TASK DETAILS: Transcribe all of the data verbatim, please, and leave out its pictures.

COLLECTED DATA:
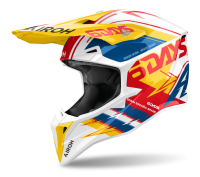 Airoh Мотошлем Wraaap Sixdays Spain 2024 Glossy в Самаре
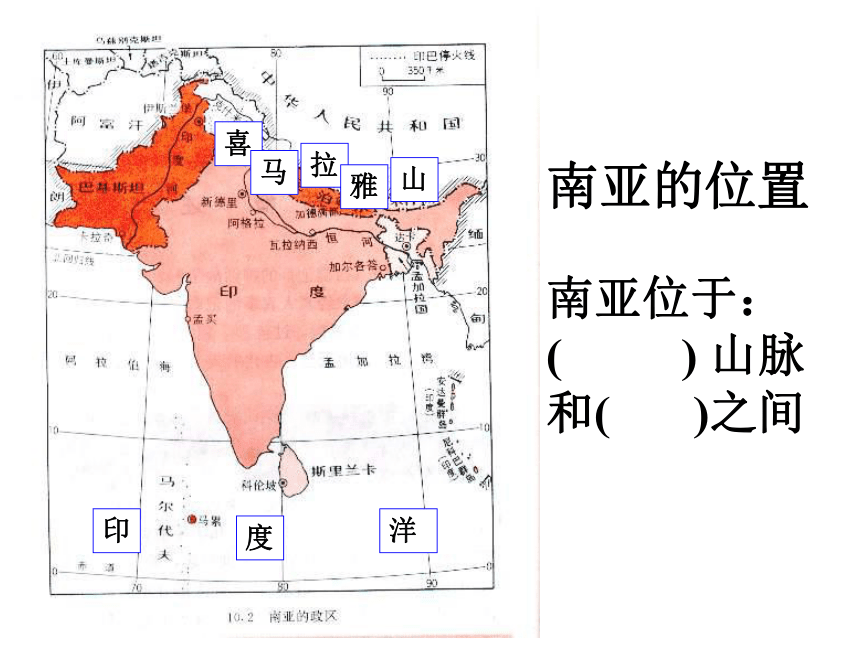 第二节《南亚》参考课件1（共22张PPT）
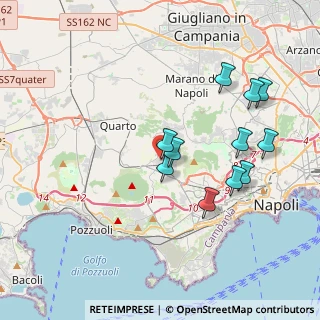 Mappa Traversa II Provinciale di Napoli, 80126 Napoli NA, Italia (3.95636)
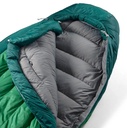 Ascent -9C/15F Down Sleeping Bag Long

RESPONSE BELOW:
 Airoh Мотошлем Wraaap Sixdays Spain 2024 Glossy в Самаре
 第二节《南亚》参考课件1（共22张PPT）
 Mappa Traversa II Provinciale di Napoli, 80126 Napoli NA, Italia (3.95636)
 Ascent -9C/15F Down Sleeping Bag Long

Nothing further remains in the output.